A growing body of evidence suggests that the meritocratic ideal is in trouble in America. Income inequality is growing to levels not seen since the Gilded Age, around the 1880s. But social mobility is not increasing at anything like the same pace: would-be Horatio Algers are finding it no easier to climb from rags to riches, while the children of the privileged have a greater chance of staying at the top of the social heap. The United States risks calcifying into a European-style class-based society. The past couple of decades have seen a huge increase in inequality in America. The Economic Policy Institute, a Washington think-tank, argues that between 1979 and 2000 the real income of households in the lowest fifth (the bottom 20% of earners) grew by 6.4%, while that of households in the top fifth grew by 70%. The family income of the top 1% grew by 184%—and that of the top 0.1% or 0.01% grew even faster. Back in 1979 the average income of the top 1% was 133 times that of the bottom 20%; by 2000 the income of the top 1% had risen to 189 times that of the bottom fifth.
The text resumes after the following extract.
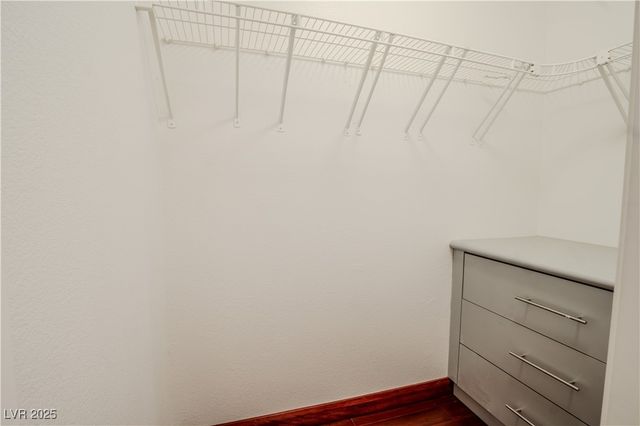 9792 Sonora Bend Avenue, Las Vegas, NV 89148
Thirty years ago the average real annual compensation of the top 100 chief executives was $1.3m: 39 times the pay of the average worker. Today it is $37.5m: over 1,000 times the pay of the average worker. In 2001 the top 1% of households earned 20% of all income and held 33.4% of all net worth. Not since pre-Depression days has the top 1% taken such a big whack.
Most Americans see nothing wrong with inequality of income so long as it comes with plenty of social mobility: it is simply the price paid for a dynamic economy. But the new rise in inequality does not seem to have come with a commensurate rise in mobility. There may even have been a fall. Everywhere you look in modern America— apart from politics, in the Hollywood Hills or the canyons of Wall Street, in the Nashville recording studios or the clapboard houses —you see elites mastering the art of perpetuating themselves. America is increasingly looking like imperial Britain, with dynastic ties proliferating, social circles interlocking, mechanisms of social exclusion strengthening and a gap widening between the people who make the decisions and shape the culture and the vast majority of ordinary working stiffs.In his classic “The Promise of American Life”, Herbert Croly noted that “a democracy, not less than a monarchy or an aristocracy, must recognise political, economic, and social distinctions, but it must also withdraw its consent whenever these discriminations show any tendency to excessive endurance.” So far Americans have been fairly tolerant of economic distinctions. But that tolerance may not last for ever, if the current trend towards “excessive endurance” is not reversed.